So for the last two years, Tim and Marisa have lived less than five miles from the Casa; what was kept silent from most is that the intrepid duo from Chicago was quietly preparing all the while to shuck it in and embark on an around the world motorcycle trip. They will be departing Little Rock this Thursday, and I will be posting a link to their blog on this site; stay tuned, as Tim is a heckuva writer.
Anyway, in preparation of their exodus, they have been drastically liquidating all but the very necessities that will fit on the bike. Two of the items were a pair of clarinets, a standard size Bb and a much smaller Eb, that Tim had picked up years earlier at a flea market. Although he is a guitarist and not a clarinetist, he recognized the pieces for their aesthetic appeal, and they have served that purpose as art pieces ever since.
Until mom saw them.
Tim gifted them to mom, and mom did for them what she did for me, and brought them back from the edge. After many hours spent repadding and corking, the larger of the two instruments has proved to be an average student-grade horn, but the smaller?
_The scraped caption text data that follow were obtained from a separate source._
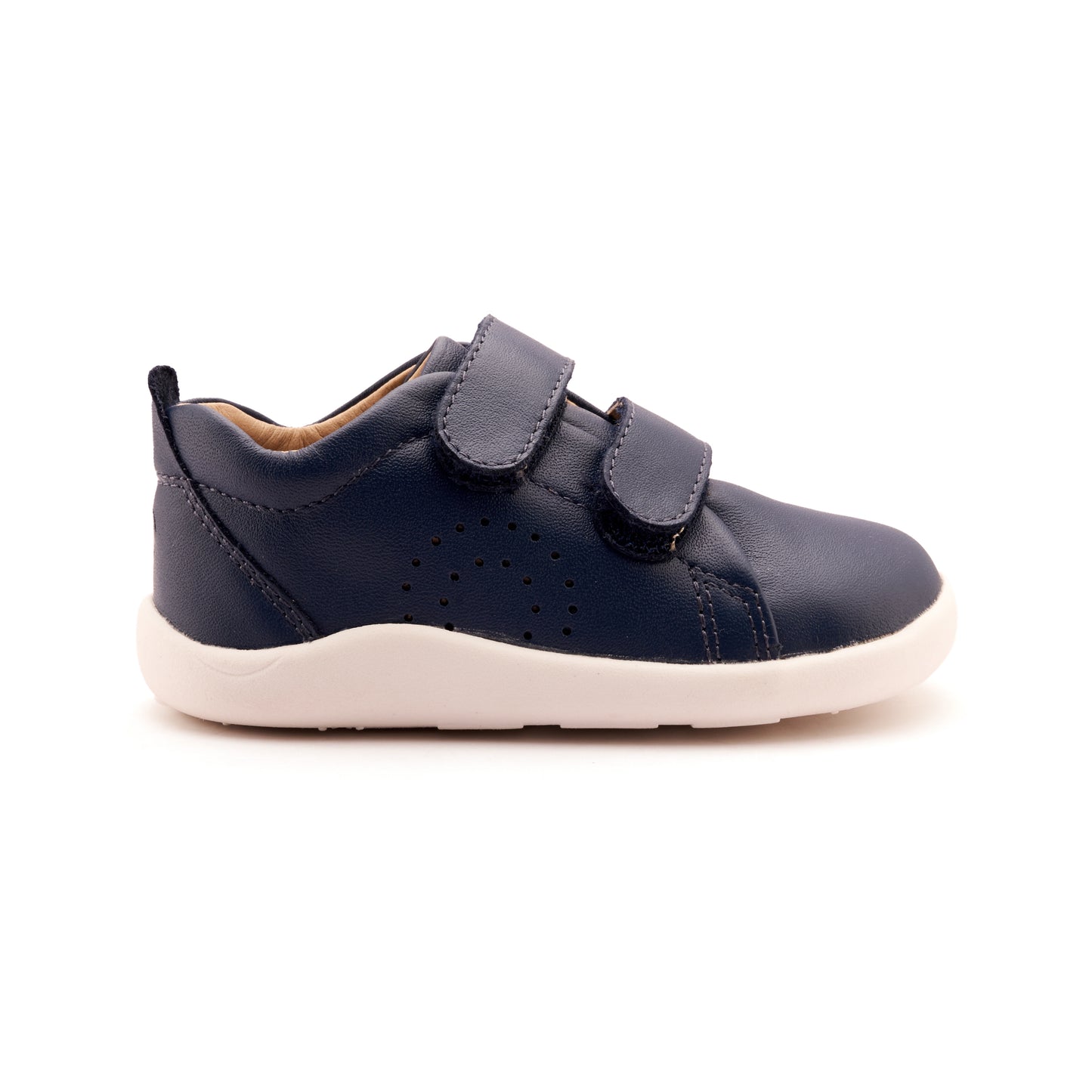 Old Soles 8056 Little Tot kids leather shoe in Denim with velcro strap detail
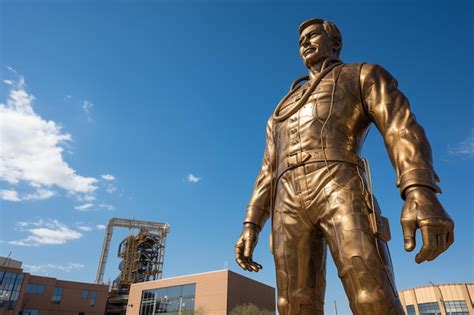 Premium AI Image | The historic Golden Driller statue in Tulsa ...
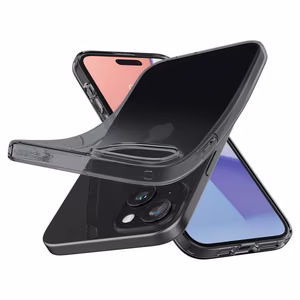 Spigen Crystal Flex чехол для iPhone 15 Plus - серый-прозрачный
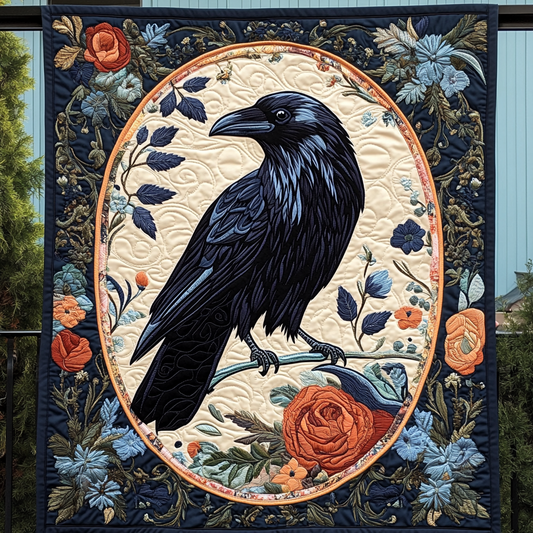 Mystic Shadow Quilted Blanket - Throw (55" x 60")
Wow; he has turned out to be a world class instrument.
That’s not to say that they weren’t appreciated before, but obviously both have entered into a new era of their lives.Like Miss Ellie’s example, or even yours truly for that matter, life has the capacity to continue and improve even after it would appear to most to have reached its apex and is on the descent.
There is much in a name; native Americans and other ancient cultures understood this, and had a custom of naming their weapons and musical instruments to reflect their attributes.
The small clarinet’s name shall be Little Tree.